Si pensò quindi al "censimento", ma l'intento vero fu di natura fiscale. E' ovvio che lo strumento ebbe anche una valenza che oggi definiremmo "di polizia". Serviva infatti a conoscere e a controllare l'intera popolazione del Regno. Riferimento di identificazione non fu il "soggetto", la persona ma il nucleo familiare. Nel Cinquecento l'individuo non godeva di diritti e lo Stato, o se si vuole le Istituzioni, non avevano come interlocutore il singolo ma il "nucleo familiare".

Dal momento che ci siamo prefissi di approfondire la questione "Riveli" è giusto ricordare che le singole realtà locali-feudali erano rette da giuristi e in più casi da clero di fiducia del barone.

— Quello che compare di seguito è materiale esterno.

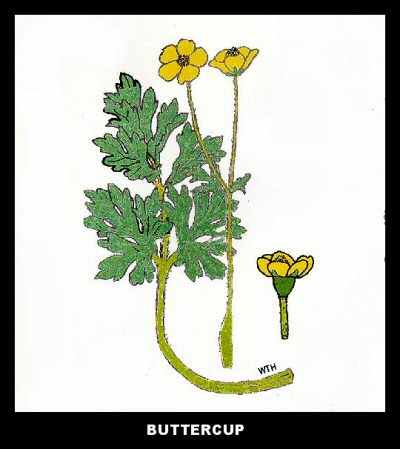 Bulbous Buttercup (Ranunculus bulbosus)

Così fu per secoli a Contessa. Sebbene i "riveli" avessero natura statuale, regia, in più casi essi furono sollecitati ed avviati dagli stessi gestori delle "Università" (=gli odierni comuni). Ciò avveniva perché i reggitori locali erano in condizioni di meglio adeguare il peso fiscale alle mutate situazioni economiche e demografiche. E comunque l'occhio vigile dei baroni, e della loro burocrazia, era di parecchio più attiva ed incisiva di quella regia.

I censimenti-riveli, nel Cinquecento, venivano indetti oltre che per fini fiscali anche per fini militari. La Monarchia necessitava infatti di conoscere il potenziale militare della popolazione.

Non erano infrequenti le richieste delle Università, sempre nel Cinquecento,  che richiedevano l'applicazione di ulteriori tassazioni rispetto a quelle attribuite dal Regno per procedere a "tassazioni veritatere" e per cui serviva un nuovo censimento "di li habitacioni et facultati".

A visitare archivi e carteggi relativi al Cinquecento, il secolo della istituzione della Università di Kuntisa, si ha la sensazione che dalla monarchia degli Aragonesi a Draghi, in materia fiscale, la realtà impositiva è rimasta identica. Allora obiettivamente il ruolo delle Università, dei Comuni diciamo adesso, era in materia fiscale quasi totale. Gli amministratori di fiducia dei baroni avevano un ampio potere.